The only tracker you are going to need for Japanese is called Nyaa. Just google it and the wikipedia page should tell you its current domain. Actually, don’t google anything: switch to DuckDuckGo if you would like a smaller and potentially slightly less evil company to pretend not to track you. If you are worried about your ISP spying on you, consider using a VPN. Free or paid — doesn’t really make much difference in terms of security (at the end of the day the paid ones can’t be trusted any more than the free ones, which is to say none of them can be trusted), but utilization will be slightly different. A paid VPN is likely to be as fast as your “open” connection, plus you can just leave it on forever. A free VPN is likely to be noticeably slower than your “open” connection, and (with a very few exceptions) you are going to be dealing with monthly data caps (still, should be more than enough if you use it just for exploring places with the good stuff).

ThePiratebay is garbage fire: there is pretty much nothing there but porn ads and one billion dead listings.

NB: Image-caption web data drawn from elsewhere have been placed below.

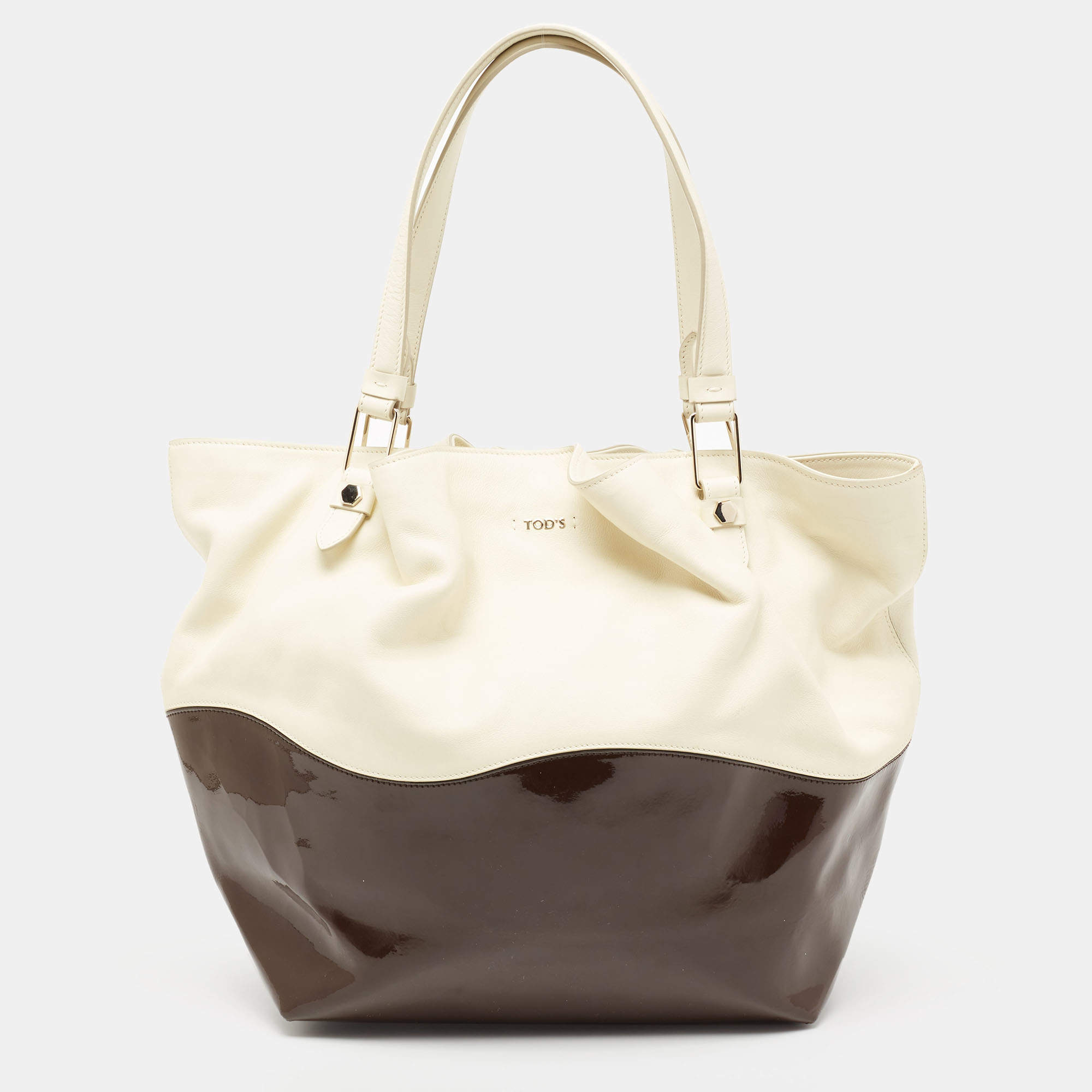 Tod's Cream/Brown Leather and Patent Leather Medium Flower Tote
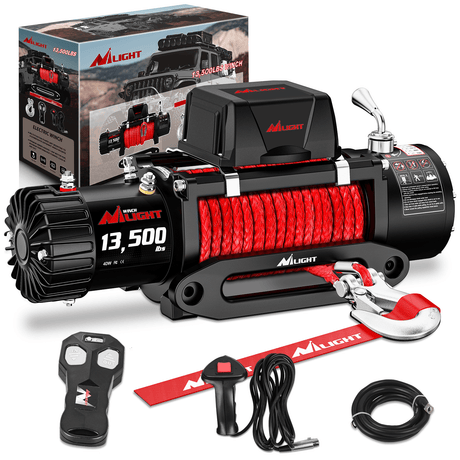 winch hook 13500 lb ATV/UTV Electric Winch Kit With Synthetic Winch Rope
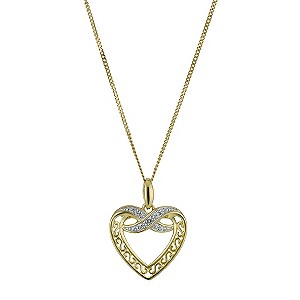 9ct Yellow Gold Diamond Heart & Kiss Pendant Necklace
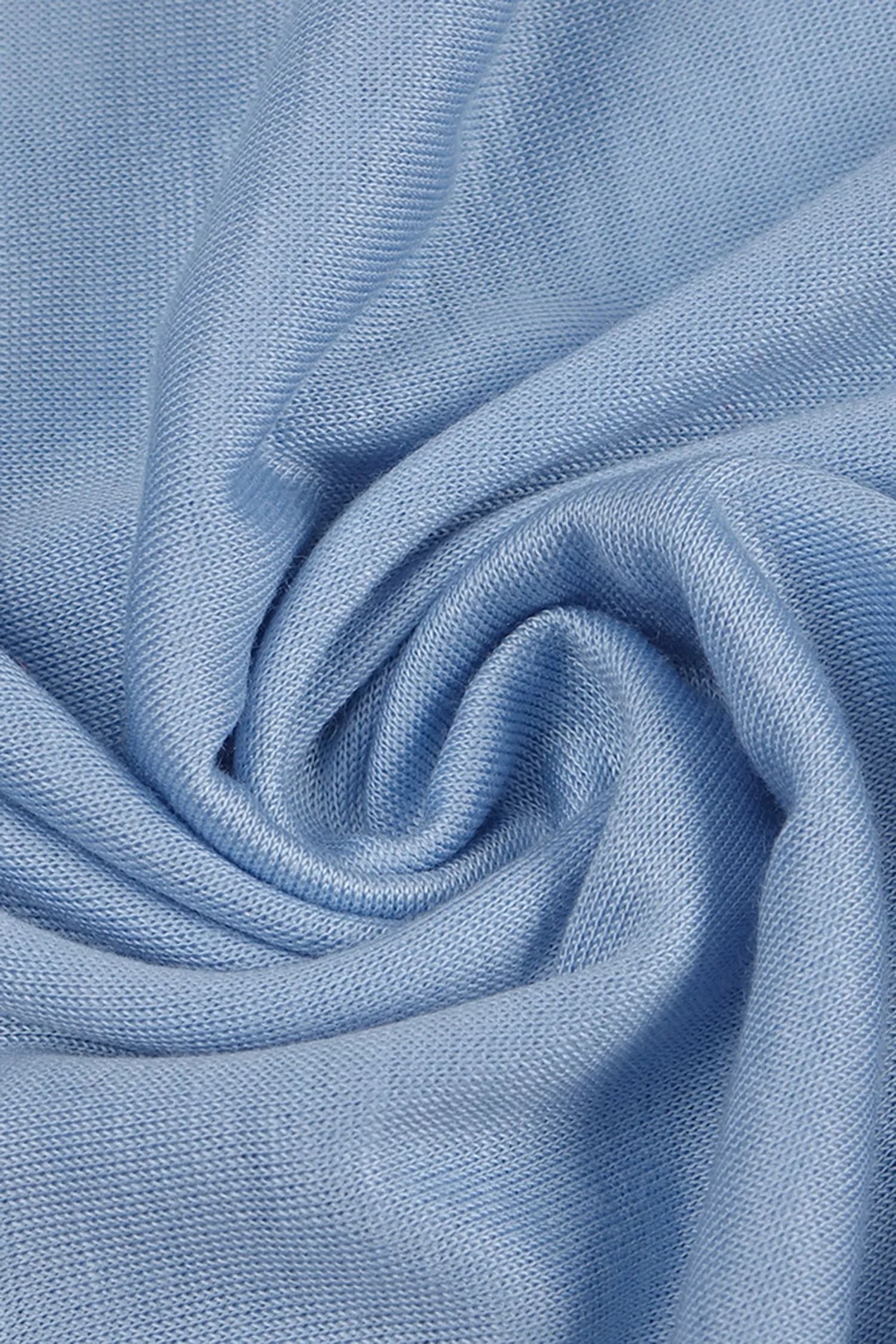 Light Blue Ruffled Sleeve High Neck Maxi Dress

If you don’t know what torrenting is, I don’t think I can help you here any better than literally the entire rest of the internet at your disposal. The only recommendation I can give you is that client-wise you should probably go with qBitttorrent, and if somehow it slows down your computer to the point of it not even being operational anymore, go with uTorrent (its whole thing is that it’s supposed to be light, but the client itself has ads and the installer comes with optional bloatware disguised as non-optional. disgusting. but the client itself ain’t bad).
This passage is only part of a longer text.